Variable Valve Timing
The valves in an engine with variable valve timing operate independently of crankshaft rotation. As a result, VVT delivers smooth idle and low-speed operation, better performance, and more horsepower at higher RPMs.
There are many designs in automobiles today. The ECM controls the cam phasers shown above to rotate the camshaft, advancing or retarding the valve timing. This design does not affect the valve lift or duration.
The VVT solenoids alter hydraulic pressure between the advance and retard chambers to rotate the camshaft and adjust valve timing.
Variable Valve Lift
The VVL or variable valve lift system alters the valve lift and duration independent of crankshaft rotation.
The low-speed lobe provides a smooth idle and low-speed performance. An engine that combines VVT and VVL matches valve timing, lift, and duration through various operating conditions.
The high-speed lobe opens the intake valve further (lift) and longer (duration), increasing high-speed performance. Alternating between two camshaft lobes for each cylinder provides a smooth idle, low-speed, high-speed performance, and lower emissions.

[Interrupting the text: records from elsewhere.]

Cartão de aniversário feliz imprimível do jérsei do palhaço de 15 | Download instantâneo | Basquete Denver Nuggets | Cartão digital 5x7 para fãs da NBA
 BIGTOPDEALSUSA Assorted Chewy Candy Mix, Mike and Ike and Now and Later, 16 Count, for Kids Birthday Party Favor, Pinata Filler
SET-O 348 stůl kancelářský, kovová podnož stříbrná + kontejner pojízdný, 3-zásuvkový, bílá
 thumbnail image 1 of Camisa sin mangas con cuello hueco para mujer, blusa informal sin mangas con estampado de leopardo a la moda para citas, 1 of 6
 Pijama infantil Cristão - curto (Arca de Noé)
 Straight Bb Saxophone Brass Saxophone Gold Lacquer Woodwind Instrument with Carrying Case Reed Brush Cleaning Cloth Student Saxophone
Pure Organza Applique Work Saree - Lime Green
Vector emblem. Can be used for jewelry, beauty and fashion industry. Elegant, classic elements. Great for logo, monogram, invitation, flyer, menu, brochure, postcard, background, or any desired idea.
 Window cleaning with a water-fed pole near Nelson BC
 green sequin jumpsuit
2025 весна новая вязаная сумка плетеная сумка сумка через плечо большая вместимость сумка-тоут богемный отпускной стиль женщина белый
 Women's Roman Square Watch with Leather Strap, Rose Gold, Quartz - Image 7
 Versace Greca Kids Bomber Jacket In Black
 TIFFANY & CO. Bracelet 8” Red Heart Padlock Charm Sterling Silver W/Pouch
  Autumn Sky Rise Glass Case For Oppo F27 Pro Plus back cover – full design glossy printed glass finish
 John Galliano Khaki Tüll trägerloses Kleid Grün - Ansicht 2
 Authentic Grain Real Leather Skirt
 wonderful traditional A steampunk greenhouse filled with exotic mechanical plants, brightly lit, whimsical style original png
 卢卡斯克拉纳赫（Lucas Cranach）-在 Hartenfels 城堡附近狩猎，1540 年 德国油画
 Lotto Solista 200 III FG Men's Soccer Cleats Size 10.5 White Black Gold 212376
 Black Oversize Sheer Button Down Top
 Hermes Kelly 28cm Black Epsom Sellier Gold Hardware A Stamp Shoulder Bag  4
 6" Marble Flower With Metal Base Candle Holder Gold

Variable valve timing has many advantages. Holding the exhaust valve open a little longer allows a small amount of exhaust to enter the chamber, reducing NOx formation. As a result, manufacturers have designed engines without EGR valves.
Use a scanner and an ohmmeter to test the control solenoid and its circuit. A faulty VVT solenoid or valve could result in a rough idle or poor high-speed engine performance. In addition, the solenoids and actuators used to control these systems can become clogged or have electrical issues.
Unchanged oil is a big problem. Today's engines have tight tolerances and use a thinner oil than older engines. Thick contaminated oil clogs the control valve, screen, and passages in the camshaft resulting in system failure.